Когда я прибыл в расположение батальона, там сводились счеты личного характера с немецким майором по фамилии, кажется, Мюллер. Этого Мюллера в батальоне знали как облупленного: среди захваченных пленных много было его офицеров и солдат. Мюллер засел в одном из домов предместья и воевал за Германию сам по себе. У него не было связи с высшим командованием, но из первоначального состава его части при нем оставалось достаточно испытанных вояк, чтобы перехватывать отставших солдат, пробиравшихся к Кельну. Таких он ловил, давал им автомат в руки и гнал обратно в бой. У него был большой запас оружия и боеприпасов, были даже зенитные орудия из противовоздушной обороны Кельна. Ребята из 1-й дивизии окружали его очередную позицию, обстреливали ее, сначала из ракетных минометов, потом легким пулеметным огнем; и спустя некоторое время оттуда появлялось десятка два солдат, держа руки вверх. Но пока их брали в плен, пока всю позицию внимательно осматривали — нет ли там подрывной ловушки, — Мюллер с другим взводом успевал уже занять другую группу домов, и нужно было все начинать сначала. Говорили, что у этого Мюллера полно коньяку и папирос и что вообще устроился он неплохо. Но в тот вечер у него либо вышел весь коньяк, либо некого было перехватывать, — потому что он вдруг исчез, и американская пехота вступила в город.

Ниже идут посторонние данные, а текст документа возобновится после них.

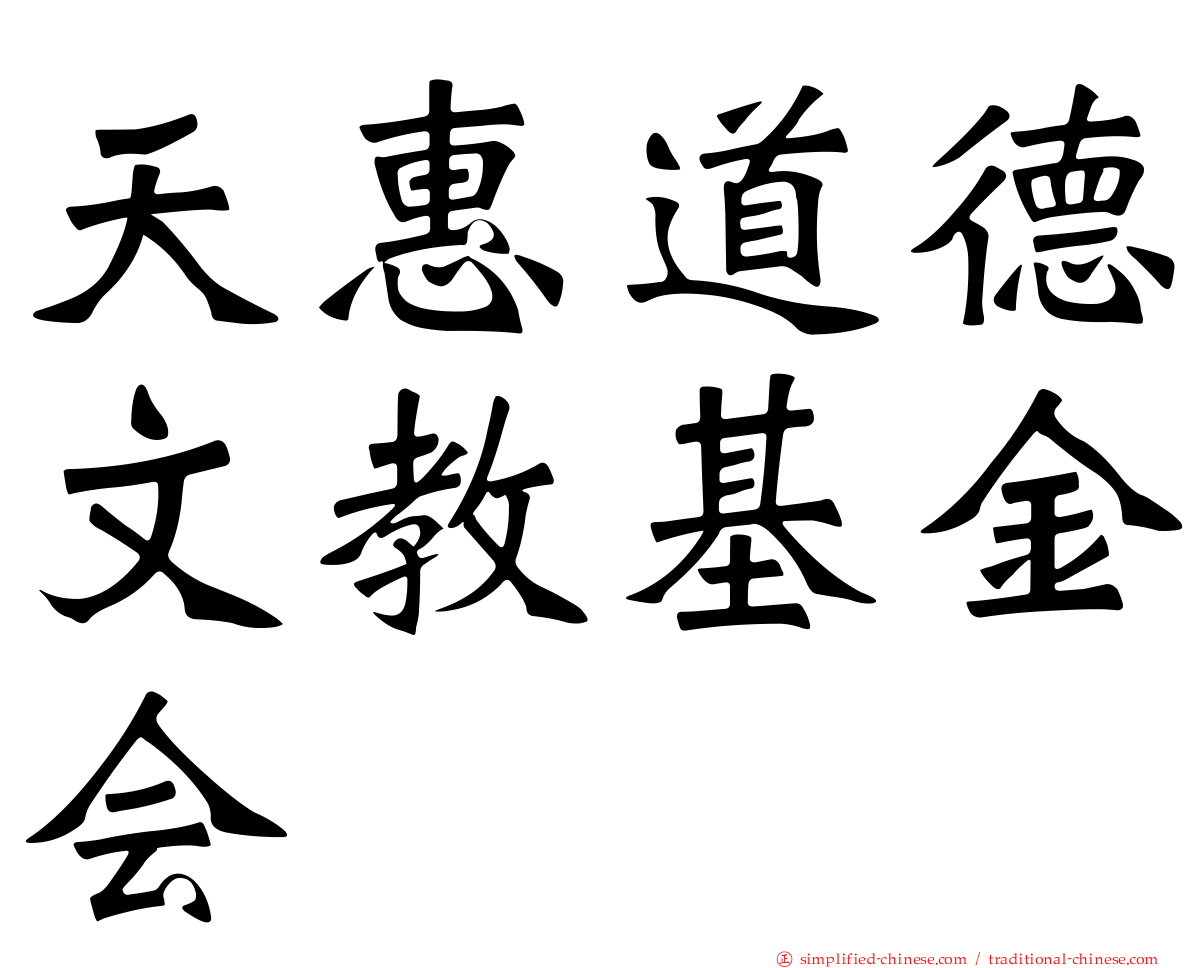 天惠道德文教基金会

Из 1-й дивизии я поехал дальше по Рейнской низменности, пробираясь через танковые и пехотные колонны, мчавшиеся на юг и восток. Одной из этих колонн предстояло закончить свое стремительное продвижение на том берегу Рейна, за Ремагенским мостом. В первый раз после прорыва у Авранша ребята получали удовольствие. Кругом все было новое и незнакомое, не было ни военной полиции, ни ограничения скорости езды, и каждый чувствовал, что теперь ему сам черт не брат. Время от времени раздавалась отдаленная стрельба или где-то бухал снаряд, прилетевший из-за Рейна. Но по сравнению с зимой на границе это была просто опереточная война. Так приятно было ехать по весеннему солнышку и не чувствовать ни усталости, ни страха, ни забот. Когда я вернулся в горы, к месту, где был прорван Западный вал, через брешь уже тянулись длинные колонны обоза с бензином и снаряжением. Инженерные части наводили деревянные мосты вместо понтонных переправ, штурмом бравшихся неделю тому назад. Уже началась даже расчистка железнодорожных путей. Весь день летали взад и вперед бомбардировщики и истребители, и только раз я видел, как конвоиры вдруг стали выписывать замысловатые фигуры, характерные для "собачьей драки".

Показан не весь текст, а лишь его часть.